■ Exercise brief
Your answer must be an exact copy of the listing that follows, with all pictures omitted.

"""

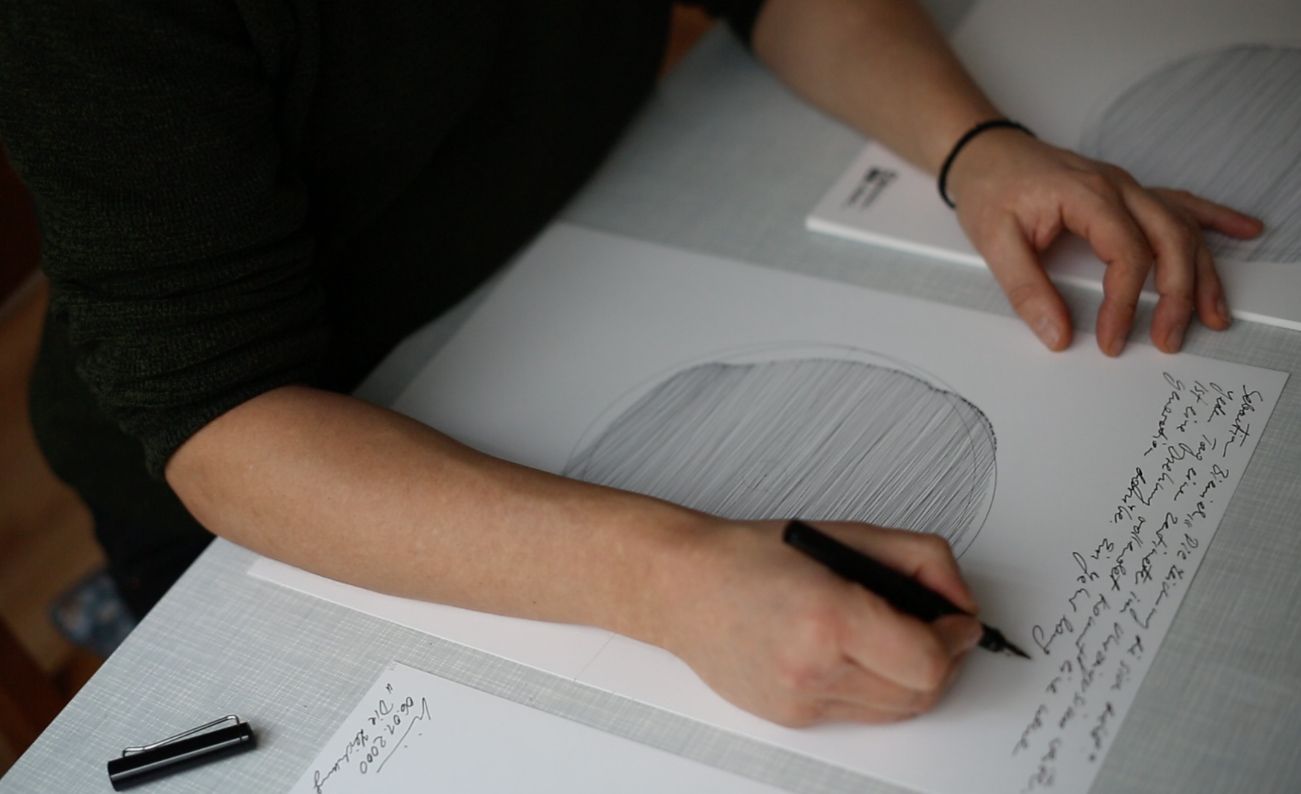 Work in progress: „The Turning around drawing“ ( Work in progress: „The Turning around drawing“ (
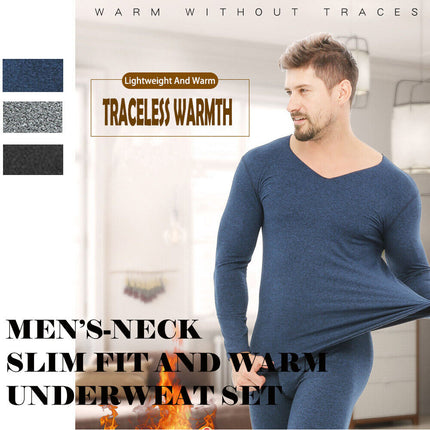 Men's Seamless Elastic Thermal Wear Set Inner Thermal Underwear Slim Fit Stretch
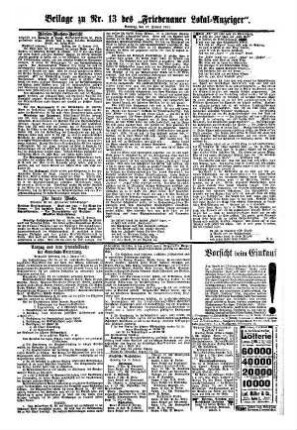 Beilage zu Nr. 13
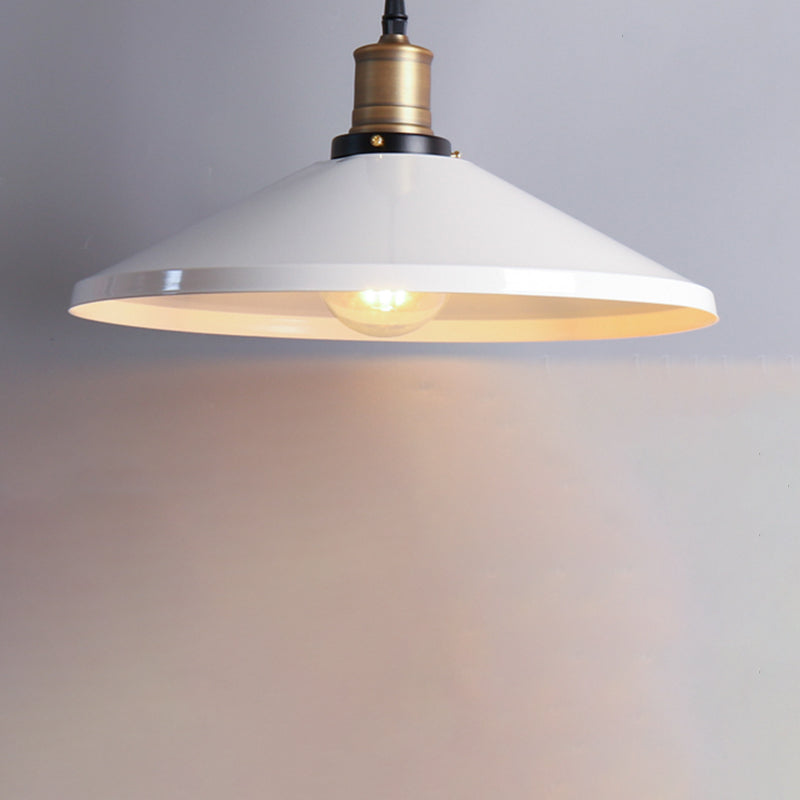 Accoglienza a sospensione vintage a 1 luce Kit di luce a sospensione bianca per negozio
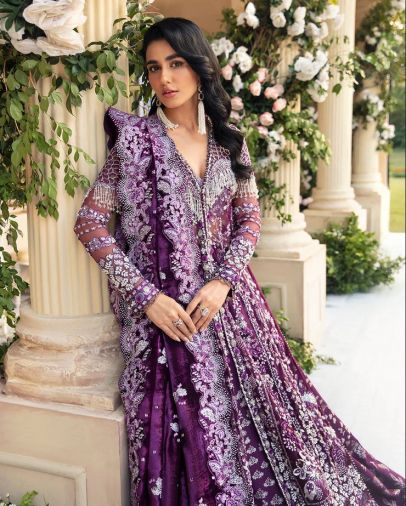 Joie De Vivre Embroidered Pakistani Gown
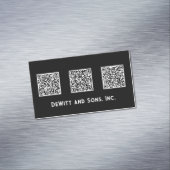 Minimalistisch ontwerp Drie QR-code Slank Magnetisch Visitekaartje (Voorbeeld)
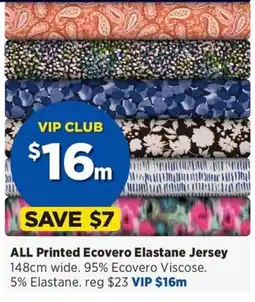 Spotlight ALL Printed Ecovero Elastane Jersey offer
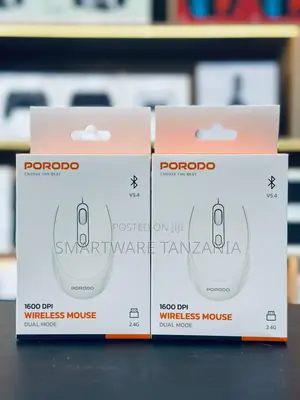 Panya Isiyo na Waya ya Porodo 1600 DPI Dual Mode (Bluetooth 5.4)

"""

■ Task response
 Work in progress: „The Turning around drawing“ ( Work in progress: „The Turning around drawing“ (
 Men's Seamless Elastic Thermal Wear Set Inner Thermal Underwear Slim Fit Stretch
 Beilage zu Nr. 13
 Accoglienza a sospensione vintage a 1 luce Kit di luce a sospensione bianca per negozio
 Joie De Vivre Embroidered Pakistani Gown
 Minimalistisch ontwerp Drie QR-code Slank Magnetisch Visitekaartje (Voorbeeld)
 Spotlight ALL Printed Ecovero Elastane Jersey offer
 Panya Isiyo na Waya ya Porodo 1600 DPI Dual Mode (Bluetooth 5.4)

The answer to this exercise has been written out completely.